Son muchas las situaciones cotidianas que me permiten afirmar que el fracaso no equivale a derrota. Nada más glorioso que salir a tomarme un tinto en una despoblada cafetería, teclear en el Word del teléfono celular (como lo hago en este momento) lo que acabo de observar tres mesas vacías más allá, padre e hijo, cinco o seis años tendrá el niño, qué extraordinario parecido con mi hijo mayor cuando este tenía esa edad y yo era tal vez ese padre que pasaba por él al colegio en mi DT-125 para ir a almorzar donde su abuela, o sumergirme, cual triatleta, en las aguas finales de Murakami explicándonos de qué habla cuando habla de correr. No me sigue gustando eso de la literatura como divertimiento. Quiero pensar que se trata de esas odiosas traducciones que ponen al japonés a hablar como español.

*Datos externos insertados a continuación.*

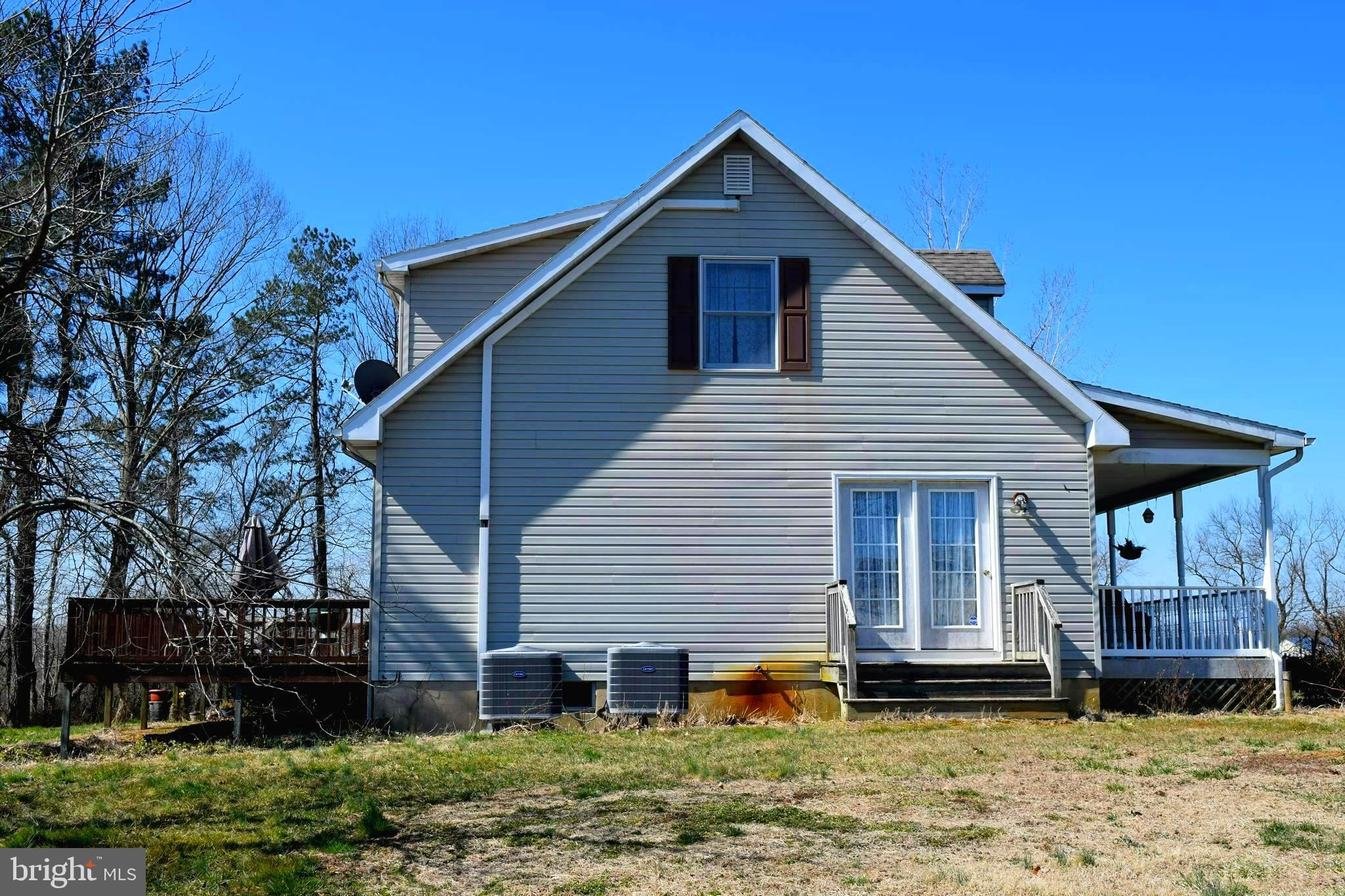 11479 Station Road Worton, MD 21678 - Photo 3 of 65 Side view of home showing doors off primary bdrm.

Hora de volver a casa. Escucho bajar del cielo una voz irrefutable: la felicidad y la tristeza se evaporan por igual. Sí, sin duda, pero las del fracaso tienen la ventaja de no estar expuestas al precipicio de los sueños. O digamos más bien que sueñan de otro modo, hacia cumbres o grietas invisibles.

Fracaso… ¿Cuál fracaso? Como escribí alguna vez: “Si esto no es la felicidad, me niego a ser feliz”.

FRANCISCO BURGOS ARANGO (FBA)

Comentarios

  1. Respuestas
    1. Amigo Jorge, tremendo tenerte por aquí. Cuéntame si es verdad que se regeneró también Víctor Moreno... Como van las cosas, las tiendas de Sahagún y Montería se quedarán sin los mejores bebedores de sus calurosas frías. Pero sobrevivirás tú para que la memoria y la ebriedad perduren. Cualquier fin de semana de estos te busco por ahí...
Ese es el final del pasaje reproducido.